# what do i use to remove baked on dust?



## dave the wave (Apr 6, 2012)

i have a bike that was in a barn for years.what do i use to remove baked on dust?


----------



## Boris (Apr 6, 2012)

What have you tried so far?


----------



## slick (Apr 6, 2012)

Warm soap and water???? You sure it's dust? Maybe overspray?? I would use the warm soapy and water. Afetr that maybe some mild rubbing compound and that will cut the fallout off. (fallout is what the environment leaves behind on a nice finish. Like when you rub your hand across the paint on your car and it drags instead of slips off. That's fallout. That's the technical term for those of us in the auto repair business.)


----------



## spook1s (Apr 6, 2012)

I've read that Oxalic acid removes brake dust from rims...


----------



## bricycle (Apr 6, 2012)

How about Dow bathroom foaming cleaner?


----------



## dave the wave (Apr 8, 2012)

here is the dust that is baked on the bike.i want to remove it without removing the original paint.


----------



## Boris (Apr 8, 2012)

I'd wash it with soap and warm water as Slick suggested, then I'd LIGHTLY scrub it with WD40 and some 0000 steel wool.
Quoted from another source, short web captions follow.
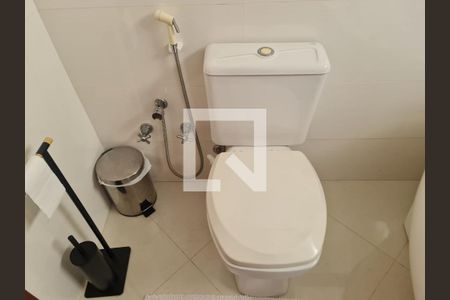 Apartamento à venda com 50m², 3 quartos e 3 vagas Apartamento à venda com 50m², 3 quartos e 3 vagasBanheiro da Suíte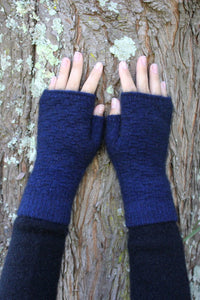 9717 Dash Fingerless Mitten - Fingerless Mitten in a textured knit - keeps your fingers free to use your electronic devices whilst your hand is toasty warm.  Make a set with 9715 Dash Beanie and 9716 Dash Keyhole Scarf.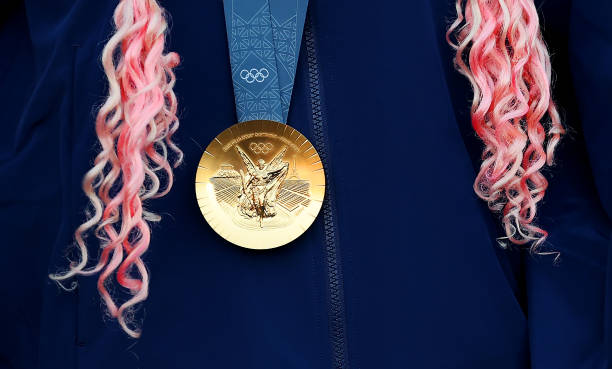 2024巴黎奥运会金牌设计:致敬法国文化与奥运精神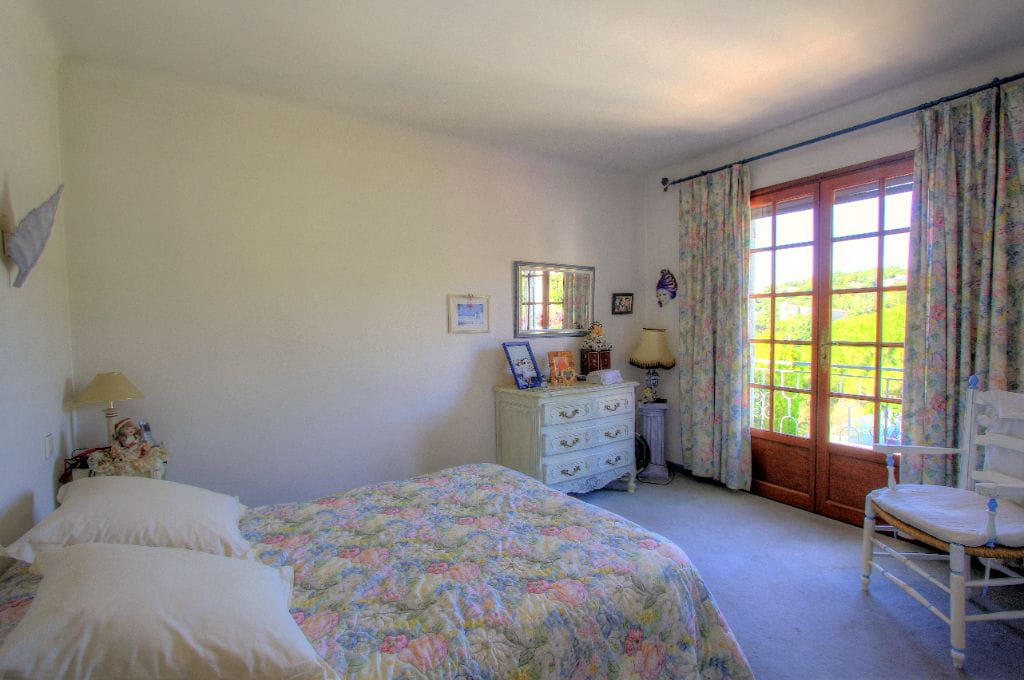 Villa avec vue mer 7 pièces 200 m2  avec 3 appartements 4 garages, aux Issambres Image 6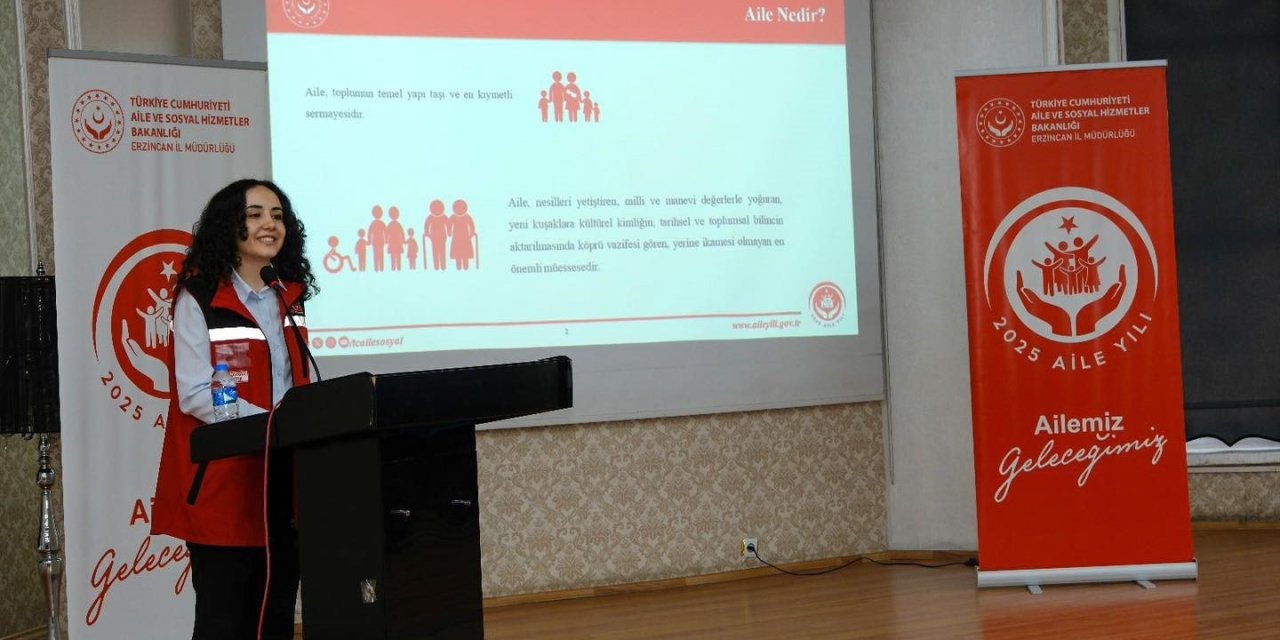 Belediyede "Ailemiz Geleceğimiz" sunumu düzenlendi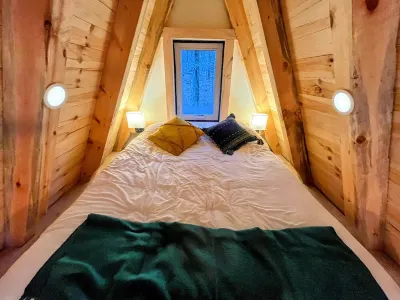 Welcome to the Tiny Timber an off grid timber framed tiny house in the woods Hotels near Camel's Hump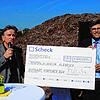 Den ersten Förderbescheid in Höhe von sechs Millionen Euro für das neue Zentralkrankenhaus des Landkreis Waldshut übergab ...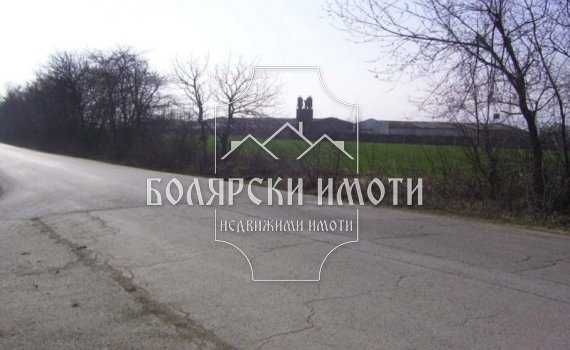 Продава се Парцел в Велико Търново, Промишлена зона - Запад - 1900 кв.м за 31 €/кв.м - Снимка #1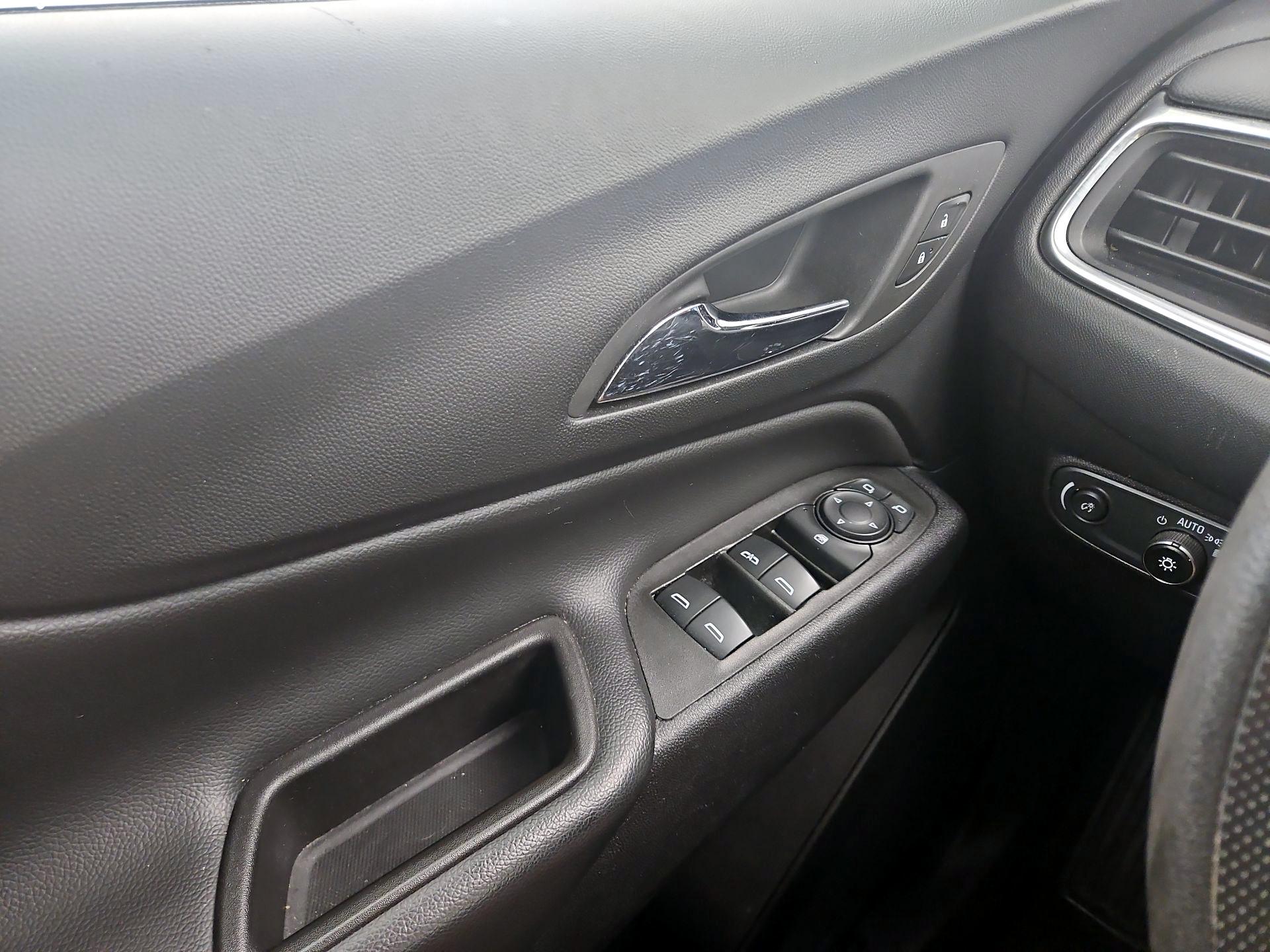 Thumbnail: 2023 Chevrolet Equinox - 12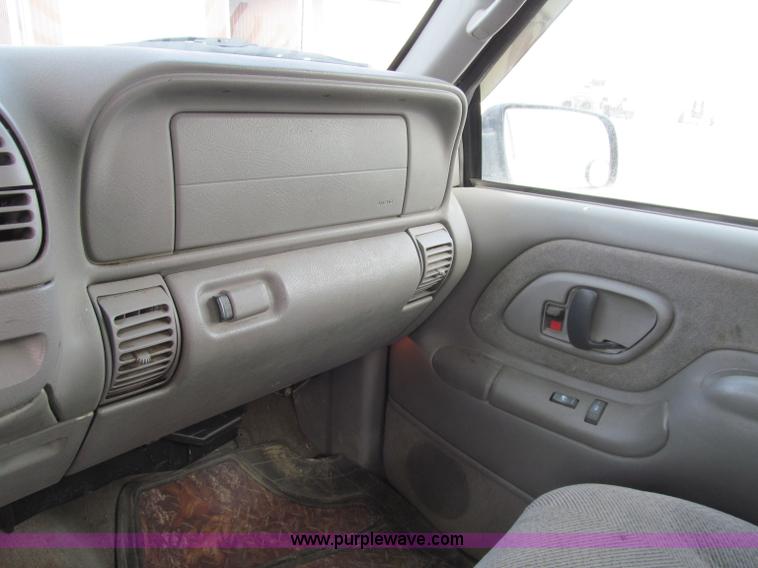 image for item D7152 1998 Chevrolet 1500 Extended Cab pickup truck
Then I'd wax it with an automotive paste wax.


----------



## dave the wave (Apr 8, 2012)

*the finished product*

i soaked it with W-D 40 and then used stainless steel scrub pad.


----------



## Andrew Gorman (Apr 8, 2012)

GoJo hand cleaner is a relatively benign first attack for crusted dirt.  Formula 409 is a little too aggressive, since it contains butoxyethanol and can start to strip paint.


----------



## rustyspoke66 (Apr 11, 2012)

Love the bike, that thing is a beast. Hope you have long legs.


----------